Exercise brief: Without including any pictures, give back all of the data exactly.

── Provided data ──

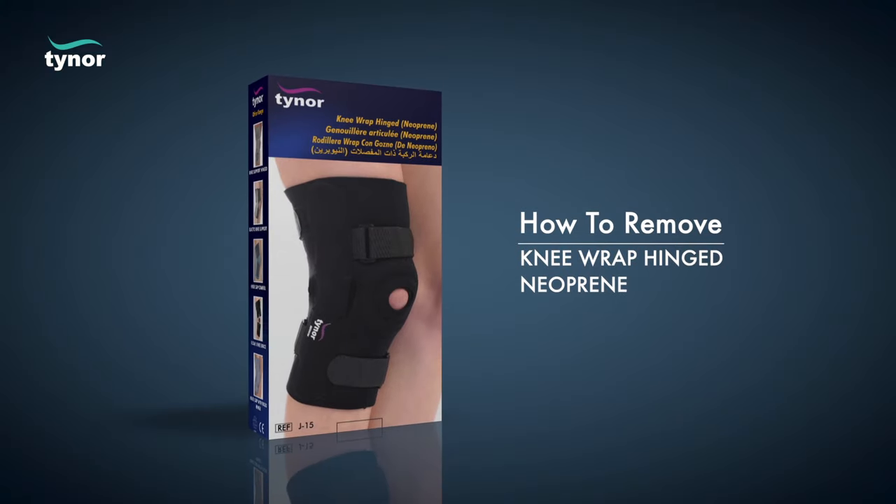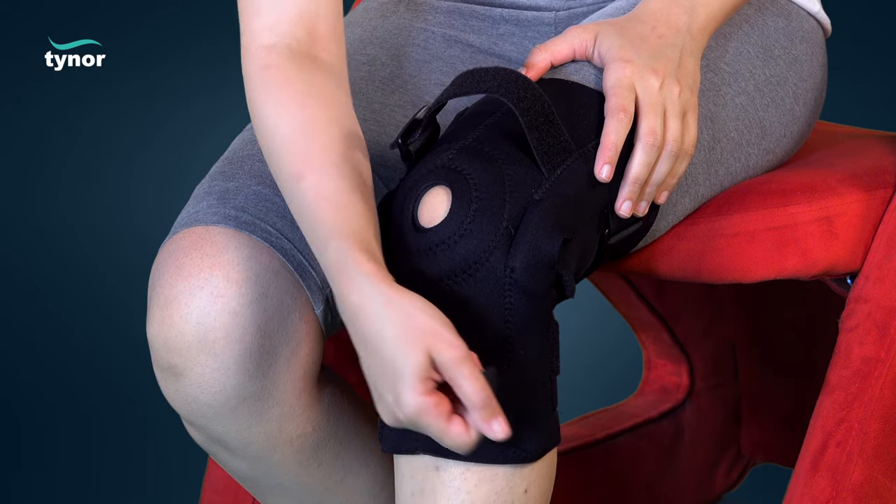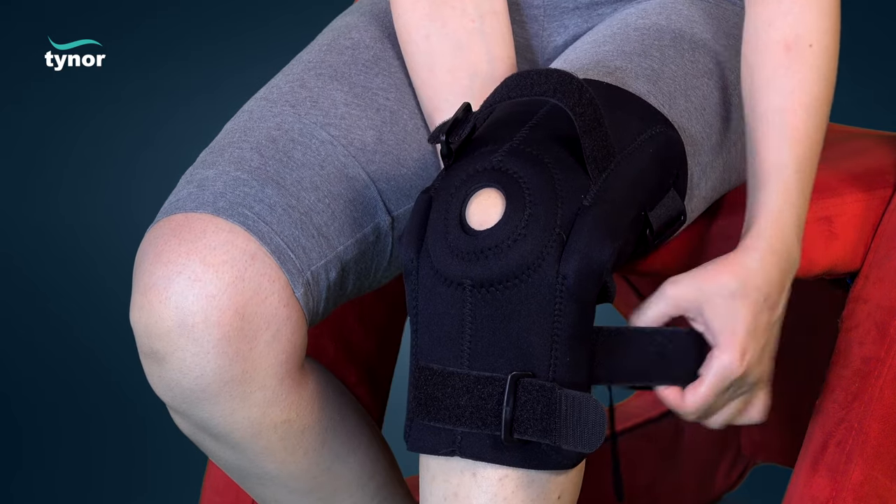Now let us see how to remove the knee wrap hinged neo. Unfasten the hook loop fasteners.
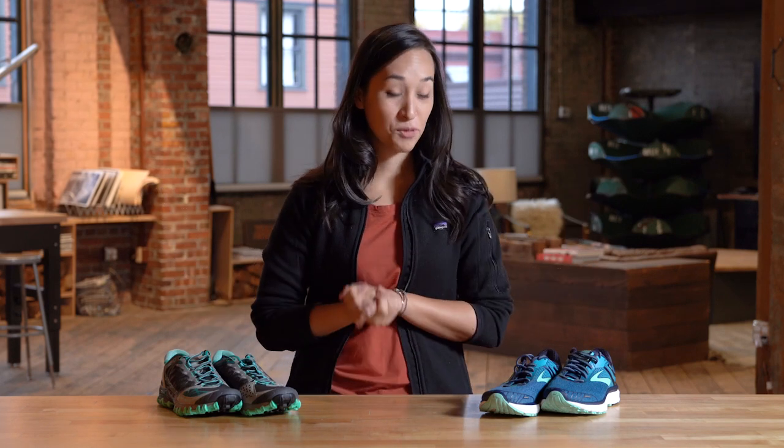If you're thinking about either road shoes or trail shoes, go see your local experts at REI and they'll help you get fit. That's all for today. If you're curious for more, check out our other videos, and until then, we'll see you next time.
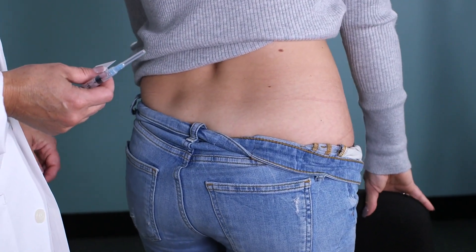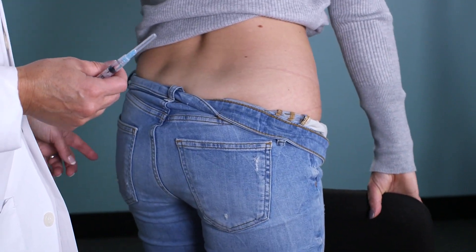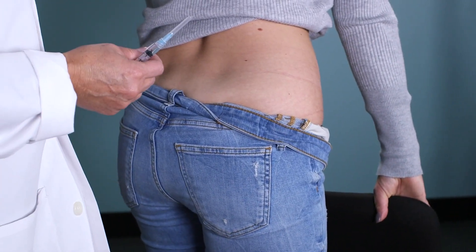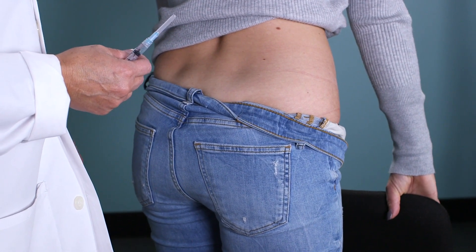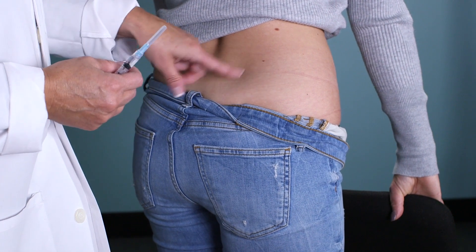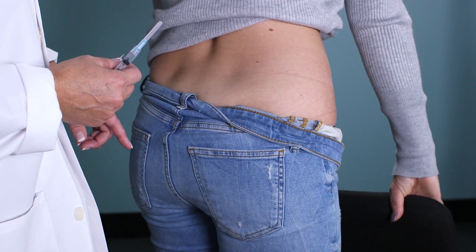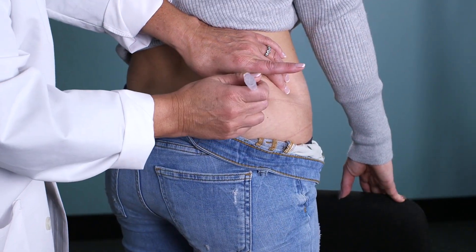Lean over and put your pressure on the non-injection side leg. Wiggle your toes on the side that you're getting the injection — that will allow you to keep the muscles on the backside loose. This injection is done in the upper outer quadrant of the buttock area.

───

Written answer:
Now let us see how to remove the knee wrap hinged neo. Unfasten the hook loop fasteners.
If you're thinking about either road shoes or trail shoes, go see your local experts at REI and they'll help you get fit. That's all for today. If you're curious for more, check out our other videos, and until then, we'll see you next time.
Lean over and put your pressure on the non-injection side leg. Wiggle your toes on the side that you're getting the injection — that will allow you to keep the muscles on the backside loose. This injection is done in the upper outer quadrant of the buttock area.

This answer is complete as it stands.